Data entries
★ ★ ★ ★ ★

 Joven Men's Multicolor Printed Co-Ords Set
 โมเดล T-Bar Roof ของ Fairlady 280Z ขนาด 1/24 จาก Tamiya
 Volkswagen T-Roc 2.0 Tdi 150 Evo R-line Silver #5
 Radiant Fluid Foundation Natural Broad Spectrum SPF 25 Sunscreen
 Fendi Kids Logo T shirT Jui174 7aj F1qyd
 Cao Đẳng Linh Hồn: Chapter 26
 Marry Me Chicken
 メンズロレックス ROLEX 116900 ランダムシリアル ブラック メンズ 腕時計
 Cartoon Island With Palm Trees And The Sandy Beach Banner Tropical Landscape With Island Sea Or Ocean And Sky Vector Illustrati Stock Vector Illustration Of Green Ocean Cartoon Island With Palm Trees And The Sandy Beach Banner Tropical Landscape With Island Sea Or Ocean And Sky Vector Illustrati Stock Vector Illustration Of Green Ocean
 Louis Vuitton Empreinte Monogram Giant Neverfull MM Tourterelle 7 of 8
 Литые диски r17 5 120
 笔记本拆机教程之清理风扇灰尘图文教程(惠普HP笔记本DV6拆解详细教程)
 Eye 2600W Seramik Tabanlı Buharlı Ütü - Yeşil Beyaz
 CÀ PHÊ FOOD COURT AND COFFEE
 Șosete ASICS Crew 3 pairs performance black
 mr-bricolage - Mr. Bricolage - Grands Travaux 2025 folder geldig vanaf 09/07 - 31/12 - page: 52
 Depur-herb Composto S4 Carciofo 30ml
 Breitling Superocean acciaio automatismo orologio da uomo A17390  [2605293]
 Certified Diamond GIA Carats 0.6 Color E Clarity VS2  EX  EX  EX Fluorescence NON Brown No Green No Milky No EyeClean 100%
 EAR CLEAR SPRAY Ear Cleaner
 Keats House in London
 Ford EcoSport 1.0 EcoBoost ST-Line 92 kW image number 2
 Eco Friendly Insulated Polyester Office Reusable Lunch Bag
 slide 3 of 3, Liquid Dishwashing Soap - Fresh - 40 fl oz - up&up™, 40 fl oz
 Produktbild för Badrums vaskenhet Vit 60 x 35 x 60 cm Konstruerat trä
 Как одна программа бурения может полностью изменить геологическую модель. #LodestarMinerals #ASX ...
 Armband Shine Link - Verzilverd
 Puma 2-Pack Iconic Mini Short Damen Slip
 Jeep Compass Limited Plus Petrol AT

★ ★ ★ ★ ★

### PROBLEM STATEMENT
Scan the records for the word "Green", and copy each line where it is found.

### ANSWER TO THE EXERCISE
 Cartoon Island With Palm Trees And The Sandy Beach Banner Tropical Landscape With Island Sea Or Ocean And Sky Vector Illustrati Stock Vector Illustration Of Green Ocean Cartoon Island With Palm Trees And The Sandy Beach Banner Tropical Landscape With Island Sea Or Ocean And Sky Vector Illustrati Stock Vector Illustration Of Green Ocean
 Certified Diamond GIA Carats 0.6 Color E Clarity VS2  EX  EX  EX Fluorescence NON Brown No Green No Milky No EyeClean 100%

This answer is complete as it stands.